## PROBLEM DESCRIPTION
Below are entries; copy exactly the lines from the one with "USED 2014 14" through the one with "PENTHOUSE APROAPE DE", both included, and leave out the rest.

## DATA FOR THE TASK
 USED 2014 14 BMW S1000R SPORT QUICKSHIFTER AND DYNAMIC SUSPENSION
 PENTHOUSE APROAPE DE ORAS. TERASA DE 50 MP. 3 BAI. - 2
==
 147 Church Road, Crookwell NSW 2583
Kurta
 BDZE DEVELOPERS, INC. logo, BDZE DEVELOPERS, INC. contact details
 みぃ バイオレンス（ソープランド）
---
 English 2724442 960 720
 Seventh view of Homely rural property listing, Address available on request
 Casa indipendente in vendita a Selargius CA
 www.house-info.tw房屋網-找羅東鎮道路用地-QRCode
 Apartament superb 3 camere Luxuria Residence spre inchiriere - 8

## RESPONSE TO THIS TASK
 USED 2014 14 BMW S1000R SPORT QUICKSHIFTER AND DYNAMIC SUSPENSION
 PENTHOUSE APROAPE DE ORAS. TERASA DE 50 MP. 3 BAI. - 2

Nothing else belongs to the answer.